Thinks he’s smart, Nobby Weston. Hanging around in the house all day while she’s stuck out on the street, keeping the picket going. Her and baby Fee all day, her and the other girls when school gets out, her and a couple of dozen grown-ups too in the daytime, but the grown-ups change, come for a few hours and then go. Only Lizzie is there all the time, making the signs, leading the chants, making it tough for the scab to walk through if she wants to walk into the street.
Lizzie’s lonely, split from Nobby. He’s been there, always beside her, for ten years now, her best friend. Her only friend. Following her lead, doing what she does, doing what Mick does too but only if Lizzie does it first.
But now it’s just Nobby doing what Mick does, or even doing things first.
Sometimes now, it’s as if she’s at war with Nobby. Lined up against each other, like Saturday mornings with the invading armies. She much preferred it when they were both Crusaders together. Lizzie shivers. I’m cold as silver.

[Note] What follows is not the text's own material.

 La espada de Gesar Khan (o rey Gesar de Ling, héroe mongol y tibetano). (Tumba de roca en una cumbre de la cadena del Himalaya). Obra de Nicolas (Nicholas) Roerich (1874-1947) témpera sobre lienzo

For some reason, there flashes into Lizzie’s mind the bright memory of that helix of a spinning silver serviette ring that disappeared that Saturday morning into thin dark air. That last free silver-Saturday morning, long ago now. That morning was the first time she realized Nobby’s mother’s hatred for her. And now the hatred had led to this. In Lizzie’s memory now the silver spins faster and faster till the spin of the movement turns red as a flame. I’m warm, I’m a flame. No I’m not, I’m cold as silver.

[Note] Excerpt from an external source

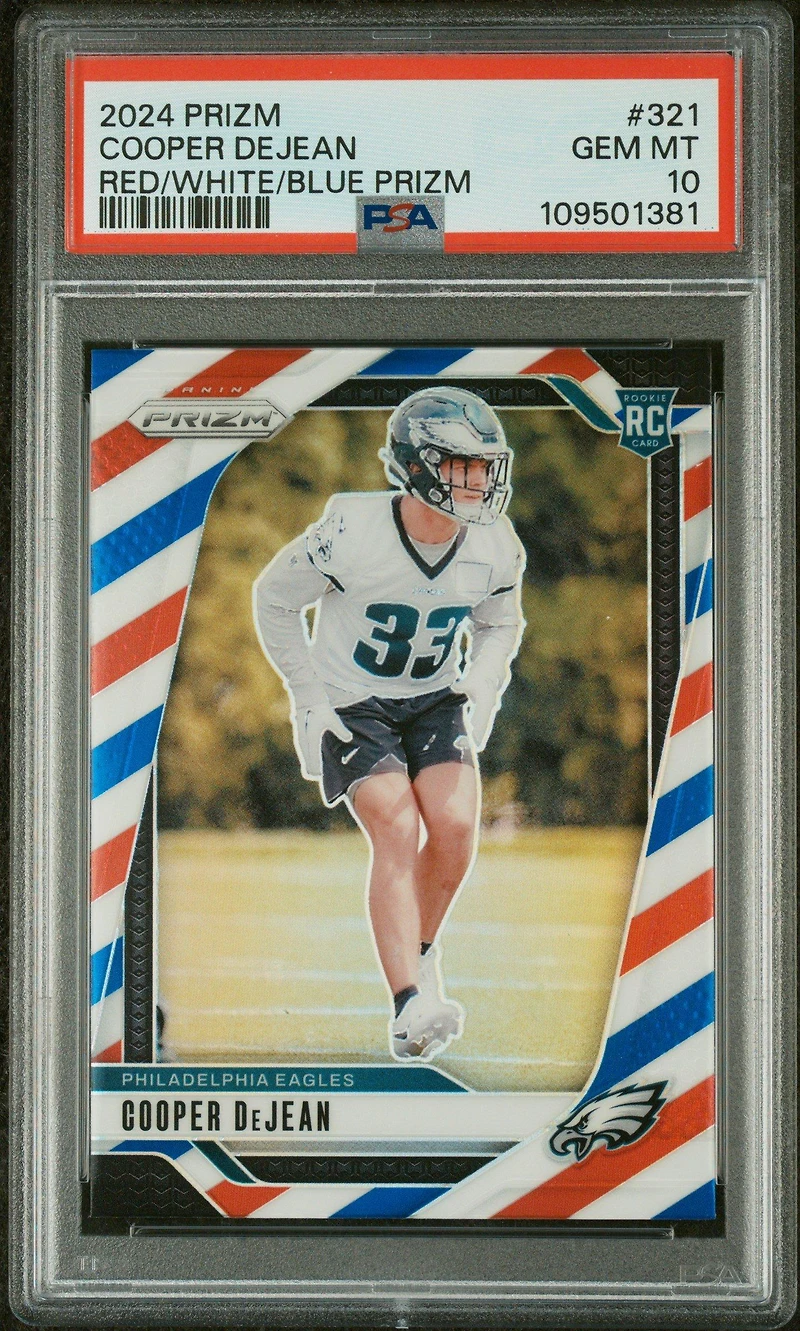 2024 Panini Prizm 321 Cooper Dejean Red/white/blue Prizm PSA 10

Lizzie gets cold out on the June street, so she skips to keep warm. Skips to get Fee to skip with her, to keep Fee warm.
Fee Fee
Here with me…
Fee, my baby sister, only four. You shouldn’t have favourites, but I do.
Lizzie grabs Fee’s hand with the automatic action of a big sister and skips her up and down,
Fee with me…
It makes the loneliness sometimes warmer, holding Fee.
Lizzie’s out on the street with Fee when Nobby runs past down to Kennets’ to get the tucker.
‘Hey Nobby!’ she yells. She’s not talking to him, but her voice yells out to him.
Nobby runs past. Lizzie with her brigade of kids. They throw old tins over his mother’s fence at night, and Nobby hears them through the night as he and his mother lie in their beds, not sleeping in the silent house.
Mother, Mother, Lizzie, Girl, don’t split me like a piece of firewood.
Lizzie yells out, but she’s been playing not speaking. Nobby can play that too.
Nobby runs past; Lizzie skips and chants. Secretly Nobby feels that Lizzie’s being a bit childish. Lizzie playing revolutions. Nobby saw one today.
Noel was playing his mouth-organ in the outside dunny. It was a nice private place to be. Lots of people would think he was a creep if they saw him sitting in here with his mouth-organ, with his new music propped up on the toilet-roll holder, with his candle. Mum had given Evie’s mum the bulb from here the night Evie moved in, and since then Noel has used a candle. People would think he was a creep, but they did anyway, and anyway they wouldn’t see him here because it was a private place. A line of poetry from school went through his mind.
The grave’s a fine and private place,
But none, I think, do there embrace.
Embrace. The word made Noel feel embarrassed somehow, and clumsy. He imagined putting his arms around someone and giving them a hug, and kissing them, but the kiss missing them and Noel feeling stupid. Noel had never tried that, and that was another reason why he never hung around with the guys at school.